INSTRUCTIONS TO FOLLOW:
Copy only what lies from the line containing "HALOGEN Vibrant Blue" through the line containing "スカート Soft Goat" in the entries below, keeping both end lines exact and dropping every picture.

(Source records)
● ● ●
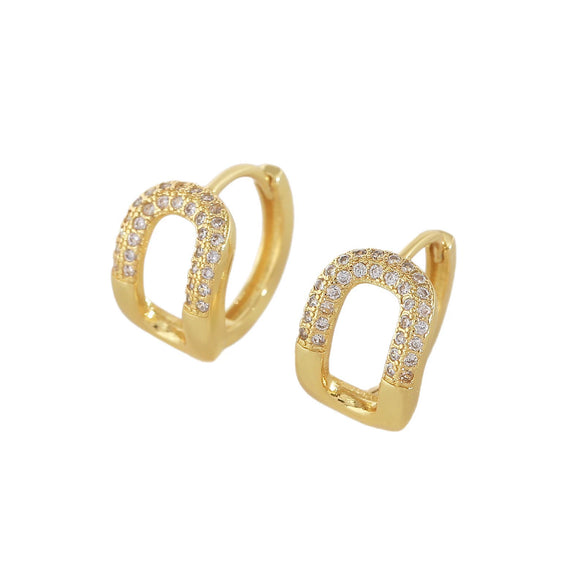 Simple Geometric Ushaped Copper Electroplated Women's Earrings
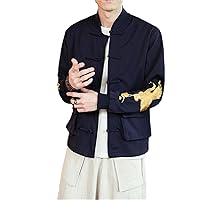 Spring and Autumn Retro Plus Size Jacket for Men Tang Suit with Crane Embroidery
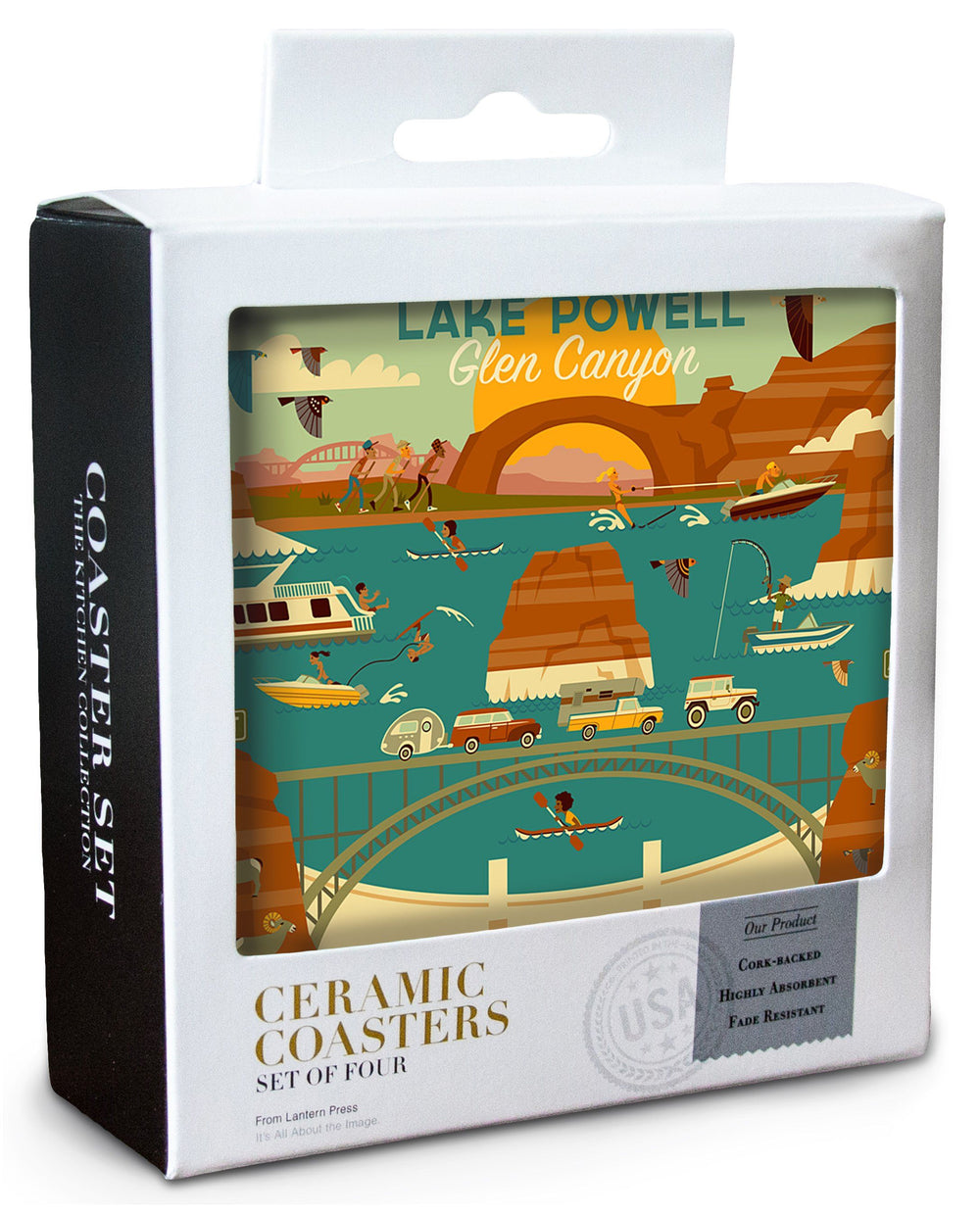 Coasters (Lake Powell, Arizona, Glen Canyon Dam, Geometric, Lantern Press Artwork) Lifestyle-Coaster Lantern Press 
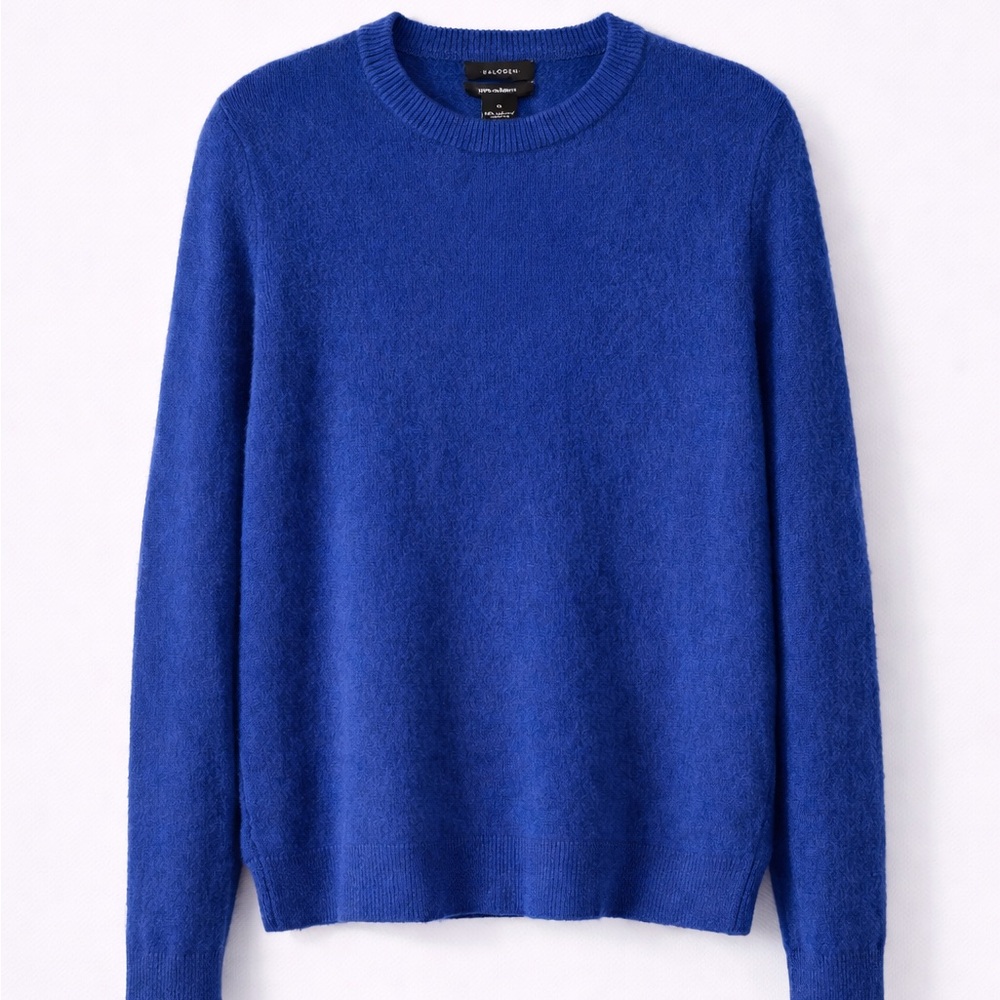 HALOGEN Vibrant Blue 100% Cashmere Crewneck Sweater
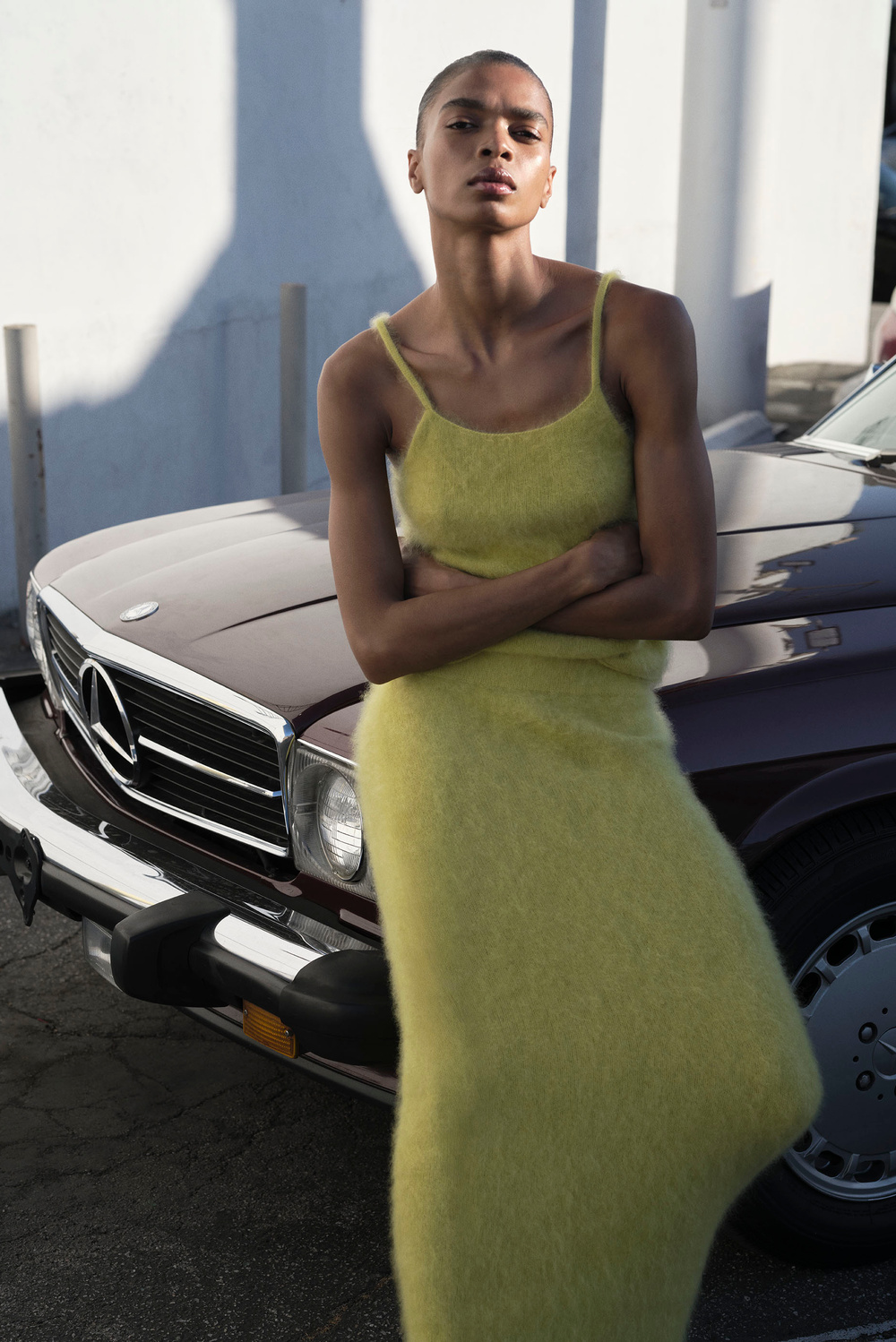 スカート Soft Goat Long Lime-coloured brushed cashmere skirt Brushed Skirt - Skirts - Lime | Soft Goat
● ● ●
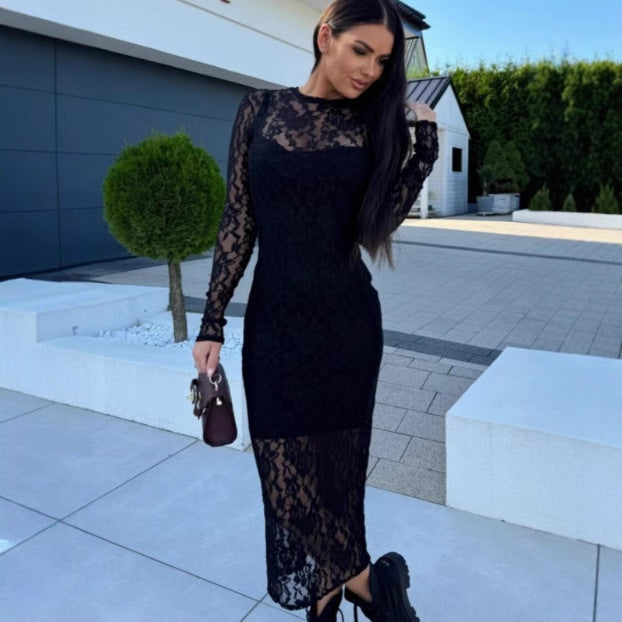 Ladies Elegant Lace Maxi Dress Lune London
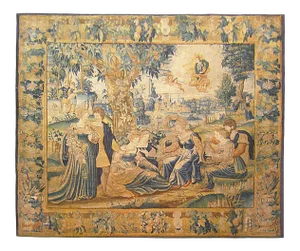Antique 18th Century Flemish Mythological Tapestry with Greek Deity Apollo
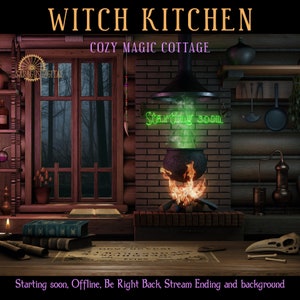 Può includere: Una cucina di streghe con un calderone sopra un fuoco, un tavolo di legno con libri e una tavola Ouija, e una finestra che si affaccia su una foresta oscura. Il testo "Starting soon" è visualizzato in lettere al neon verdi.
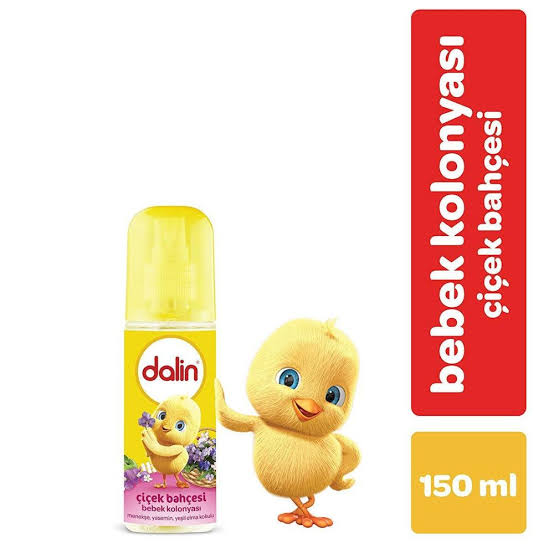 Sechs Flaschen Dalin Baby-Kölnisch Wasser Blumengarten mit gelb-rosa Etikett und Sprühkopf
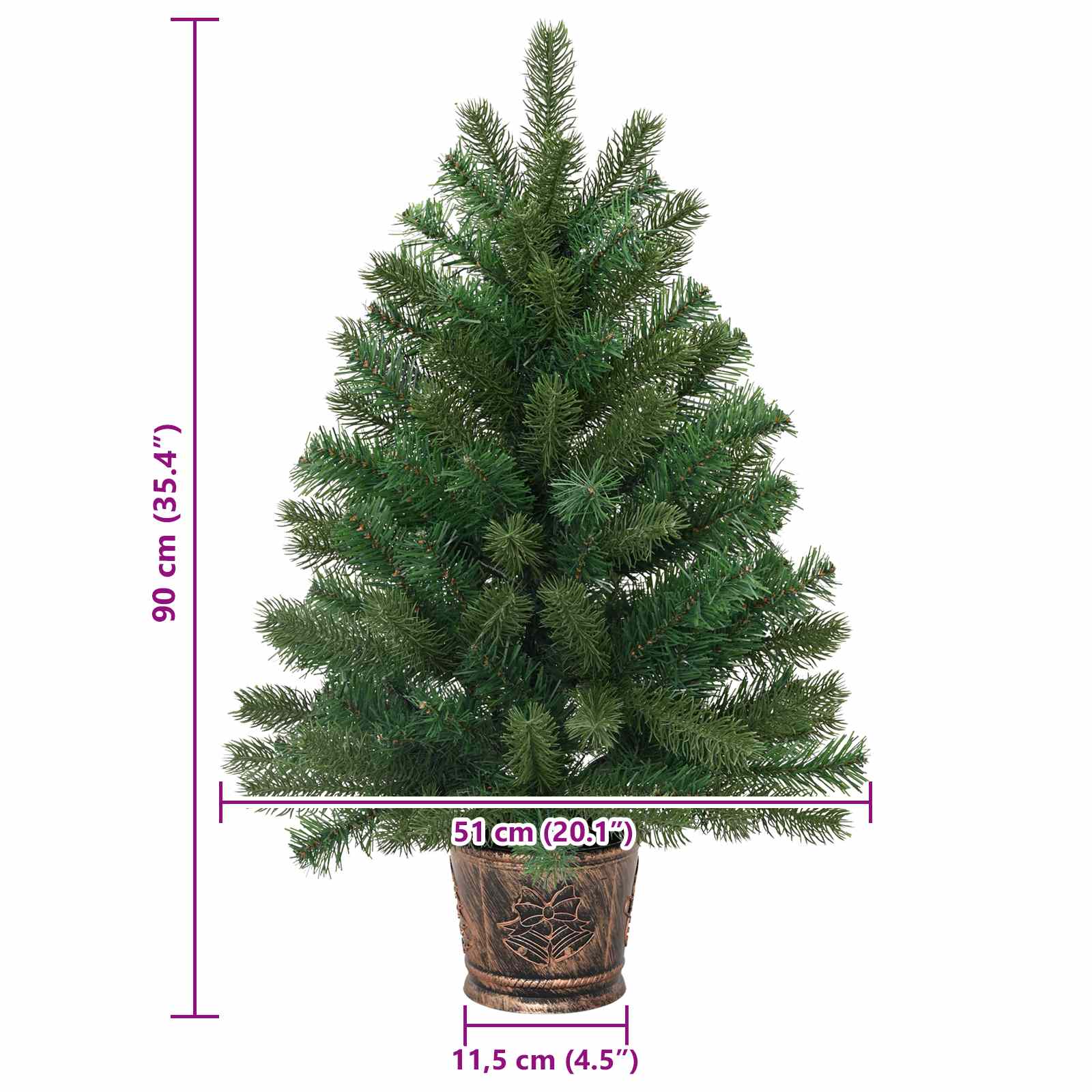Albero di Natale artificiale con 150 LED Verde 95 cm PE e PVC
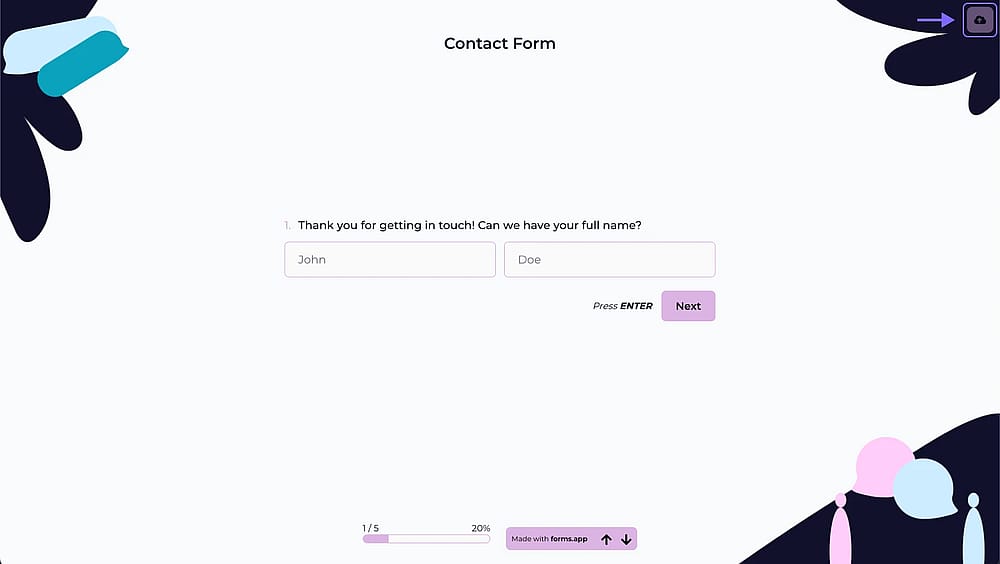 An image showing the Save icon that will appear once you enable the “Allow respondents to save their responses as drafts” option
● ● ●
EXERCISE RESPONSE:
 HALOGEN Vibrant Blue 100% Cashmere Crewneck Sweater
 スカート Soft Goat Long Lime-coloured brushed cashmere skirt Brushed Skirt - Skirts - Lime | Soft Goat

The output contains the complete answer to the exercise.